The first step involved a collaboration between Hemanta Sarmah and Nao Ohmine-san of the Cell Signal Unit, Ankur Dhar of the Quantum Wave Microscopy Unit, and Vivek Pareek, Abdullah Al Mahboob, and Viktoras Lisicovas of the Femtosecond Spectroscopy Unit. Through a direct measurement, they established the dose of UVC needed to effectively sterilize the N95 masks and found that it was 100 to 1000 times higher for an N95 mask than previously reported on other surfaces.

The team also developed a test to check the filtration efficiency of the N95 masks after sterilization. They used a CPR dummy with sensors at the back of its throat. These sensors counted how many sub-300 nm particles came through when the dummy simulated a breath of air. This test was performed both with and without an N95 mask on the dummy, to determine the filtration efficiency of the mask.  N95 masks should ideally be able to filter 95% of particles under 300nm. The team confirmed that multiple rounds of UVC sterilization at the right dose left the filtration capability of the mask unchanged.

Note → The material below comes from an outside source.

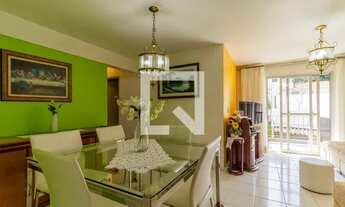 Imagem: Apartamento para Aluguel - Morumbi, 3 Quartos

“We found that even after 30 rounds of sterilization, these masks performed well. To us, the limiting factor seems to be general wear and tear, rather than the sterilization process,” said Professor Dani. “We are working now with one of the local hospitals to do daily filtration-efficiency tests of the masks after they are used by medical professionals and after exposure to the required UVC sterilization dose. This study will provide a very solid data point on how often one can safely re-use N95 masks.”

To be able to sterilize the masks in the hospitals itself and to conduct the filtration efficiency tests, the group has had to develop easy-to-use, safe and compact apparatus that can be operated by hospital staff. With these constraints in mind, and much-needed help from the Engineering Support Section and Buildings and Facilities Management Division, the team has designed, built and tested multiple sterilization units. The first few units have been delivered to hospitals in Naha and additional units are under construction.

Members of the Engineering Support Section construct the UVC units.

By developing the masks, gel, face shields, and UVC sterilization units OIST researchers are hoping to support and aid the people of Okinawa during this difficult time. Researchers will continue to explore other ways they can provide assistance, such as through developing antibody tests and modelling the spread of the virus. The latest information is available on COVID-19 Research Community Projects website.